Cependant, le problème demeure celui de la coordination. Alors que sur le papier, chaque secteur économique dispose de suffisamment de coussins de liquidités, ils sont tous « reliés par la hanche ». Un secteur puisant dans ses actifs en devises a un effet d’entraînement sur l’ensemble du système, car ces actifs résideront dans le bilan de quelqu’un d’autre.

En revanche, le pays transforme provisoirement son déficit courant persistant en excédent en raison de la très forte dépréciation de la lire qui stimule les exportations et contracte les importations. On ne sait pas si ce revirement du compte courant, s’il se matérialise, est un nouvel épisode d’expansion et de récession ou une manifestation structurelle d’un rééquilibrage politique de l’économie.

Dans l’ensemble, ce fut un voyage étonnamment résilient, bien que plus long que beaucoup d’entre nous ne l’auraient prévu. Les Turcs ont également souffert d’une inflation élevée et d’une compression du pouvoir d’achat en dollars. Et le fait que la Turquie n’ait pas encore « cassé » ne signifie pas qu’elle ne le peut toujours pas.

Il y a clairement un avant et un après le limogeage par le président Recep Tayyip Erdogan du gouverneur orthodoxe de la banque centrale Naci Agbal en mars 2021, et les baisses de taux d’intérêt défiant la logique économique qui ont suivi. L’ancien manuel politique des hausses tardives a apparemment été abandonné pour de bon.

L’équilibre des changes dans le système reste trop précaire pour que le gouvernement soit convaincu qu’un accident peut être évité.

Pendant ce temps, toute promotion par Ankara d’un « nouveau modèle économique » basé sur des taux d’épargne élevés et une monnaie bon marché doit être évaluée par rapport à une inflation élevée et persistante, et à l’acceptation par le gouvernement d’une acceptation douloureuse d’une contraction de la demande.
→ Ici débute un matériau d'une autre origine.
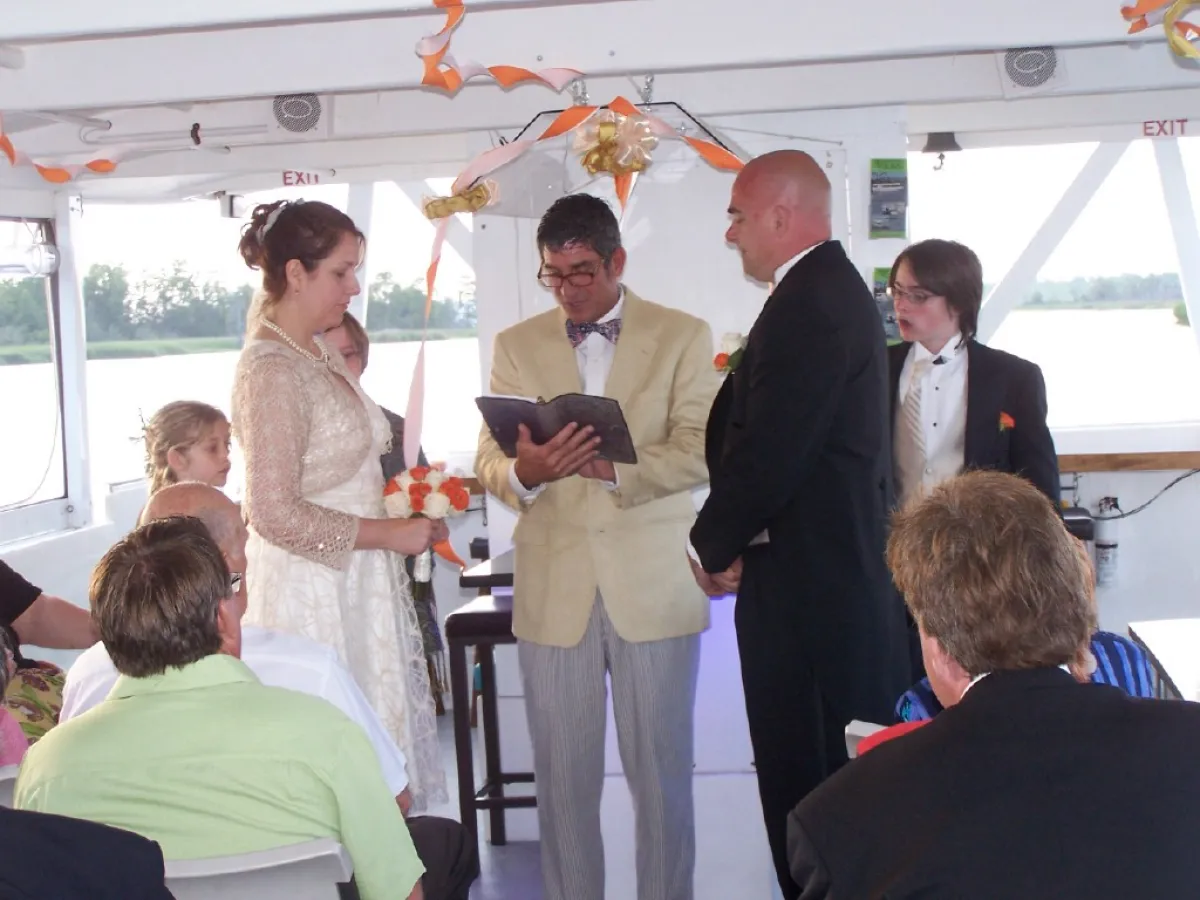 a group of people standing in a room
La Turquie était une destination très attrayante pour les prêteurs étrangers – une économie à forte croissance, notée double B, avec des rendements de 5 % en dollars, à une époque où le reste du monde était à zéro. Ce contexte a changé pour le pire. La question de savoir si les nouveaux créanciers de la ville ainsi que les habitants seront suffisamment rassurés par la structure économique existante reste une question ouverte. Mais à moins d’un changement d’orientation politique, le gouvernement testera ses limites.